|HARRISBURG (May 10, 2021) – The Pennsylvania Coalition of Public Charter School (PCPCS) today announced the three subgrantees who may receive as much as $1.5 million each through Pennsylvania’s Charter School Program (PACSP) Grant. The three public charter schools were chosen to receive the federal funding during the inaugural year of the grant program. The funding was awarded to PCPCS to expand public charter school options in Pennsylvania. |
“We are thrilled to make this announcement for many reasons, but especially as we kick off National Charter Schools Week in Pennsylvania,” said Brandie Karpew, co-director of PACSP. “This week is dedicated to celebrating the accomplishments of public charter schools, nationwide and in Pennsylvania, and the impact that charter schools have had on thousands of students. It is only fitting that we announce, this week, the expansion of Pennsylvania’s public charter school movement through the PACSP Grant.”
The U.S. Department of Education, last year, awarded its Expanding Opportunities Through Quality Charter School Program Grant (commonly known as the CSP Grant) to PCPCS to support the development, expansion and replication of high-quality public brick-and-mortar charter schools in Pennsylvania. The grant award will total $30 million over five years (2021-25). The public charter schools awarded PACSP subgrants this year are: City Charter High School, Pittsburgh Midland Innovation + Technology Charter School, Beaver County Bear Creek Community Charter School, Luzerne County.

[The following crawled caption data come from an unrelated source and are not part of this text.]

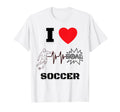 I Love Soccer Heartbeat Ekg Heart T-Shirt - Trendy Graphic Unisex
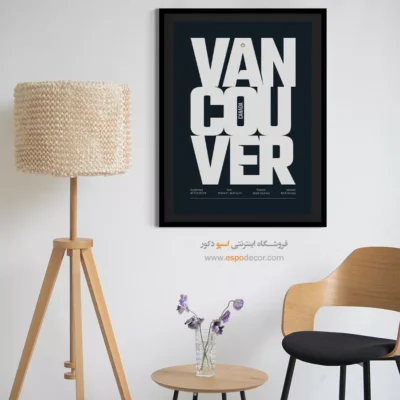 تابلو نقشه ونکوور مدرن برای کافه - ‏vancouver British Columbia  – تابلو نقشه شهرهای جهان - اسپو دکور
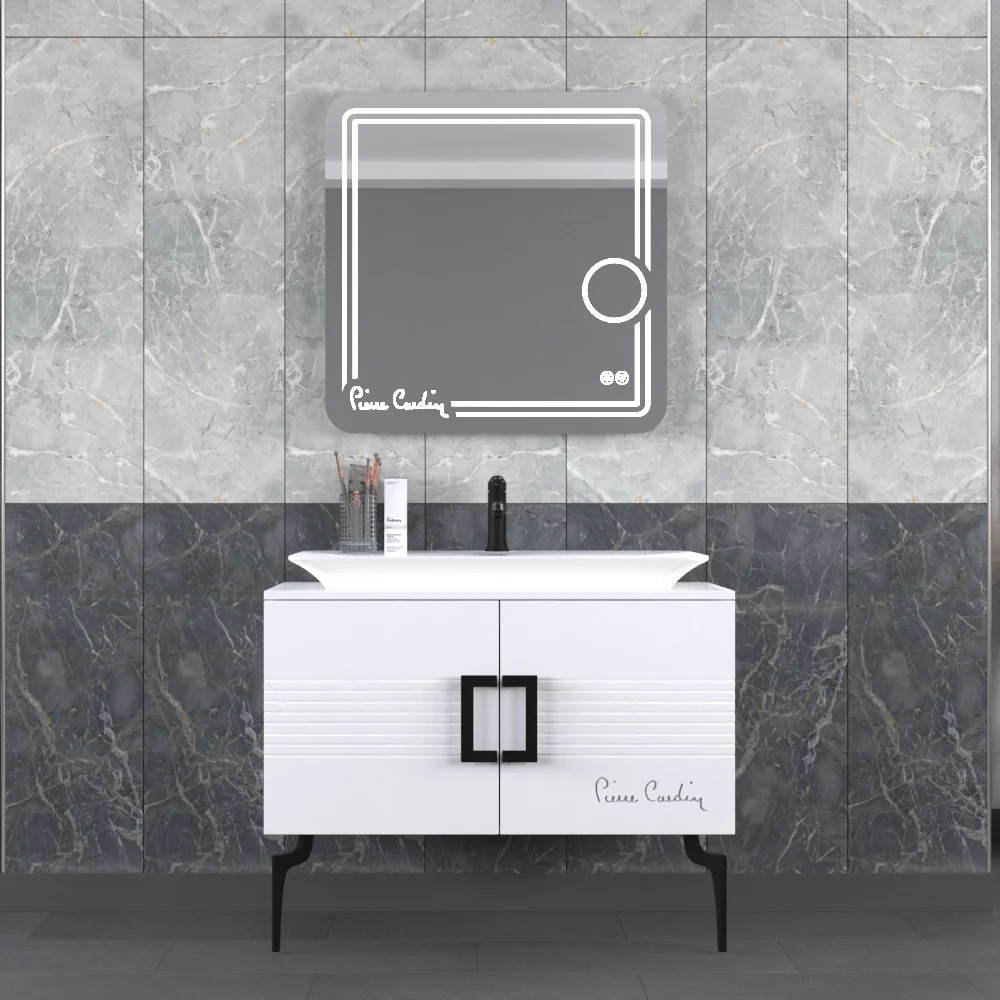 Set Mobilier Baie Pierre Cardin Sirius 3 Piese Alb-Negru 100 cm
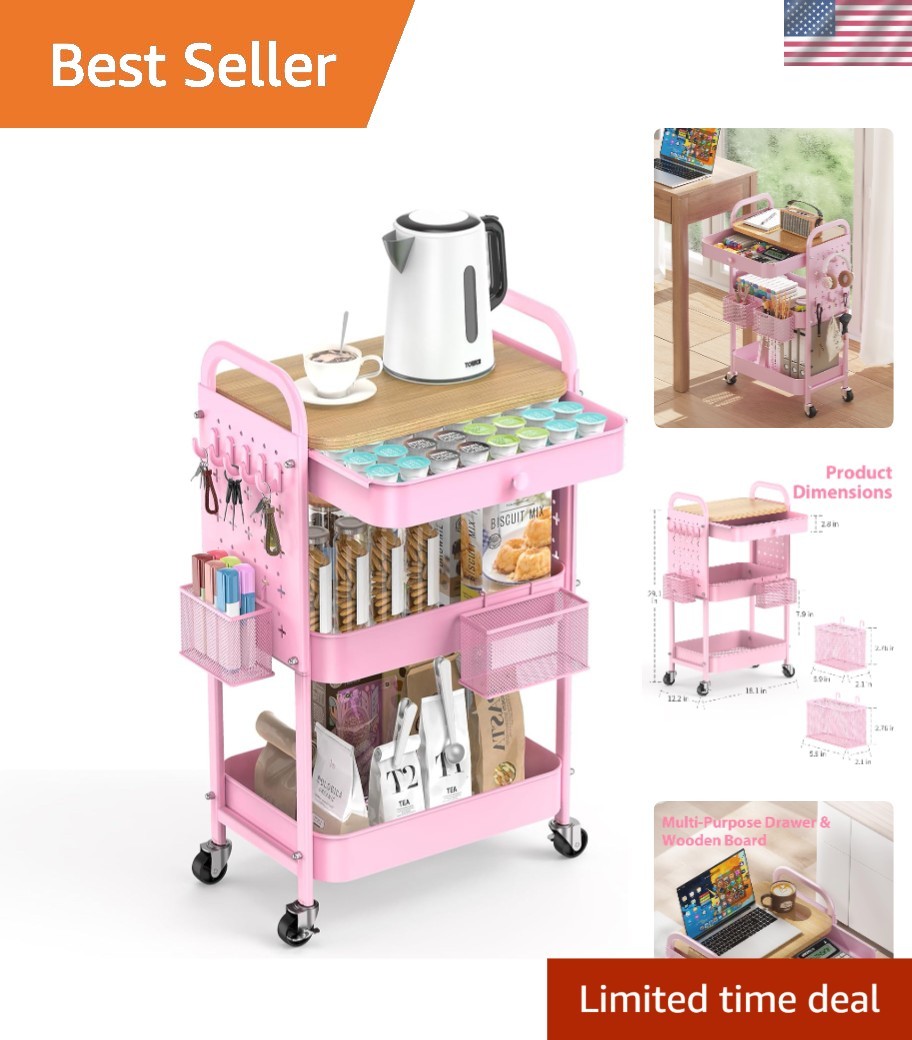 Multifunctional Metal Rolling Cart with Drawers & Pegboards for Ultimate Storage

“The three schools, selected by our independent review team, have proven that they have the leadership and expertise to help drive innovation that will benefit students and families seeking a public charter school education,” said Abigail Dubinchik, co-director of PACSP. “PCPCS and the PACSP team are committed to helping develop and expand educational options throughout the commonwealth, giving students more opportunities to enroll in high-quality public charter schools.”
Midland Innovation + Technology Charter School, a newly approved public charter school that will serve students in grades 9-12 in Beaver County, will use its grant award to facilitate the opening of the school in September 2022. City Charter High School and Bear Creek Community Charter School are existing public charter schools with plans to use their grant awards to expand their educational offerings to more students.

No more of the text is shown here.